Exercise directions
Transcribe verbatim the span of lines that opens with the line containing "Cleaner wiping down" and closes with the last line of the data below.

Entries taken from a collection:
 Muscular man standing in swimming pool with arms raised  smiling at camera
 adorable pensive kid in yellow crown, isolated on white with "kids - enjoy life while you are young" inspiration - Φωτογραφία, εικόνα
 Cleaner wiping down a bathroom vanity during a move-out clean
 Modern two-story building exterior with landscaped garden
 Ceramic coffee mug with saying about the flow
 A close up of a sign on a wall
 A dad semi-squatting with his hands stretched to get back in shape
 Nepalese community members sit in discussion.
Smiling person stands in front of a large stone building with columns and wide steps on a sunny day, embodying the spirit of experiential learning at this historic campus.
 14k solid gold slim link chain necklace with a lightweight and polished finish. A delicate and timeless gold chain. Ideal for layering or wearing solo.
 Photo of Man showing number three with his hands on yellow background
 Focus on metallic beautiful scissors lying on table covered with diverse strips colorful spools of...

Result of the task
 Cleaner wiping down a bathroom vanity during a move-out clean
 Modern two-story building exterior with landscaped garden
 Ceramic coffee mug with saying about the flow
 A close up of a sign on a wall
 A dad semi-squatting with his hands stretched to get back in shape
 Nepalese community members sit in discussion.
Smiling person stands in front of a large stone building with columns and wide steps on a sunny day, embodying the spirit of experiential learning at this historic campus.
 14k solid gold slim link chain necklace with a lightweight and polished finish. A delicate and timeless gold chain. Ideal for layering or wearing solo.
 Photo of Man showing number three with his hands on yellow background
 Focus on metallic beautiful scissors lying on table covered with diverse strips colorful spools of...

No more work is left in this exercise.